_Directions for this task_
Could you repeat the data word for word while skipping the pictures?

══ Supplied material

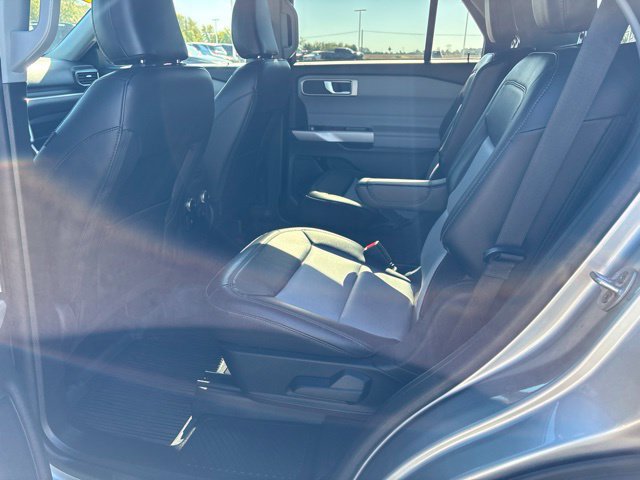 Used 2022 Ford Explorer XLT w/ Equipment Group 202A AWD/4WD image 32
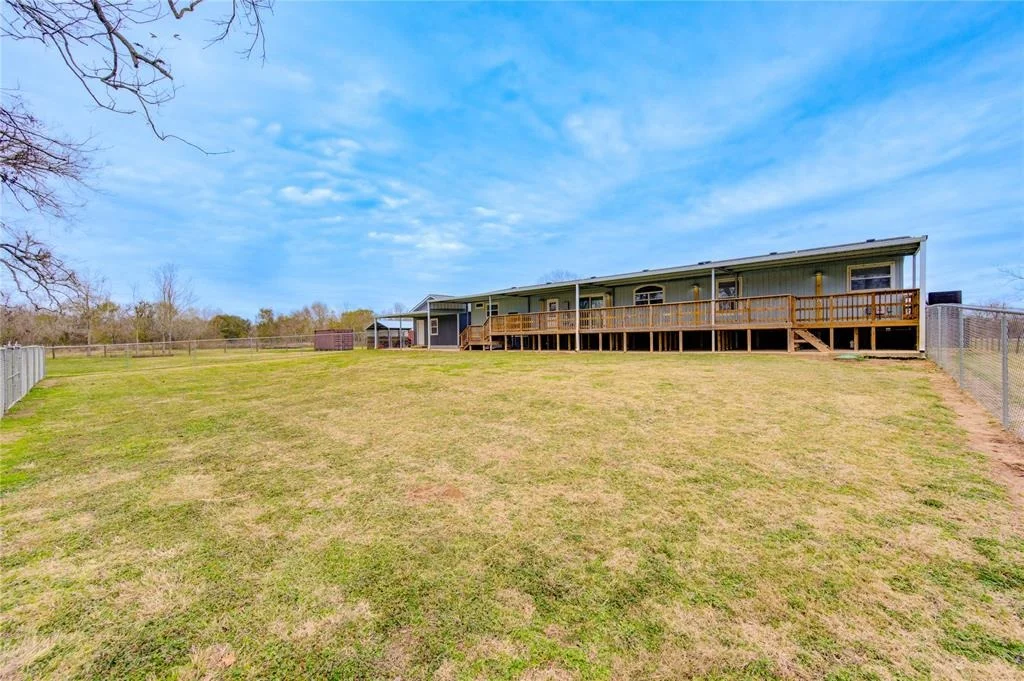 Photo of 6228 County Road 42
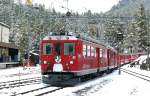 RhB - Regionalzug 1650 von Tirano nach St.Moritz am 04.10.2008 Einfahrt Pontresina mit Triebwagen ABe 4/4 II 41 - ABe 4/4 II 42 - BD - AB - ...
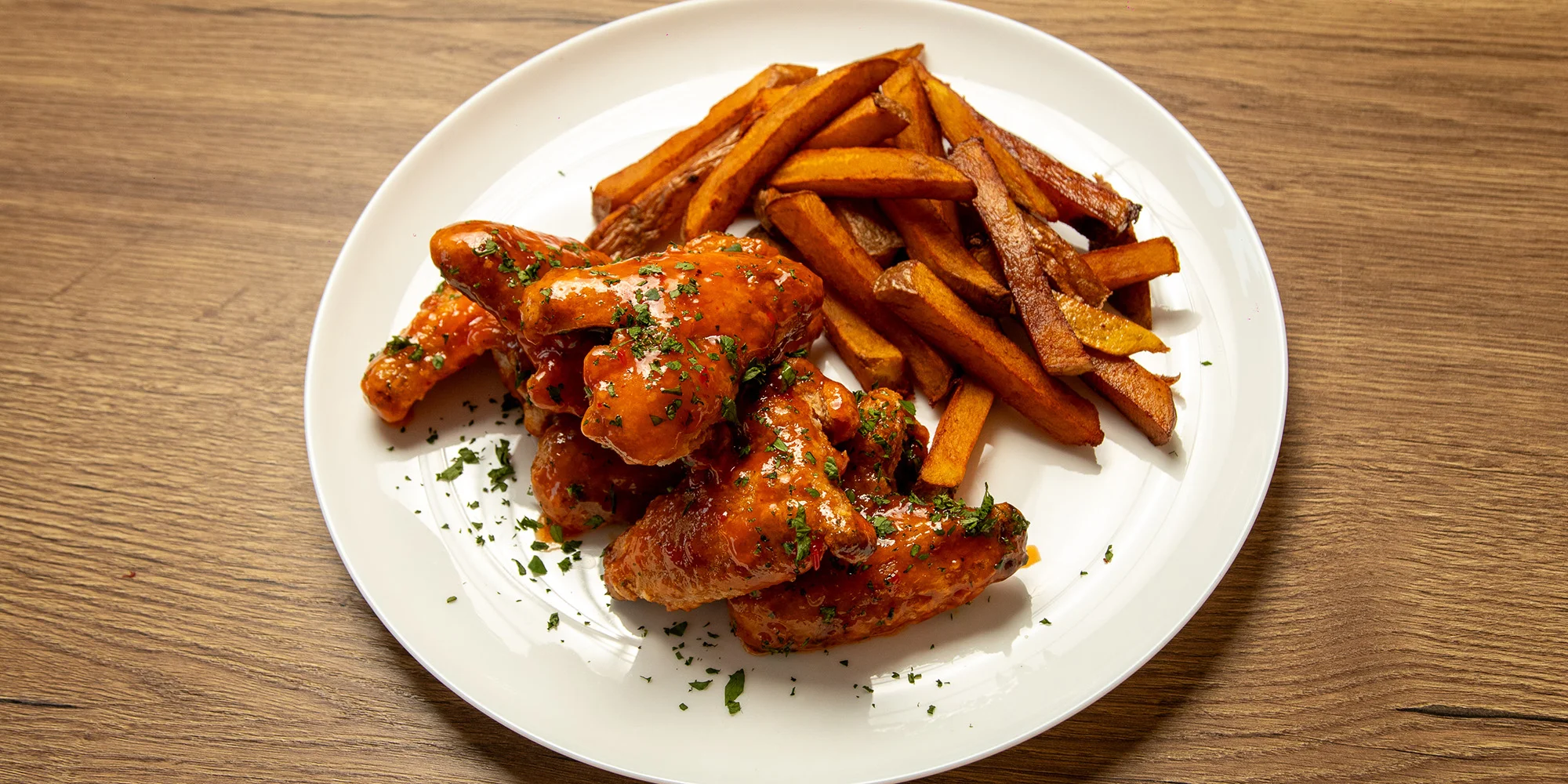 Kuřecí křidélka Buffalo Wild Wings - 500 g nebo 1000 g, hranolky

════

_Result_
 Used 2022 Ford Explorer XLT w/ Equipment Group 202A AWD/4WD image 32
 Photo of 6228 County Road 42
 RhB - Regionalzug 1650 von Tirano nach St.Moritz am 04.10.2008 Einfahrt Pontresina mit Triebwagen ABe 4/4 II 41 - ABe 4/4 II 42 - BD - AB - ...
 Kuřecí křidélka Buffalo Wild Wings - 500 g nebo 1000 g, hranolky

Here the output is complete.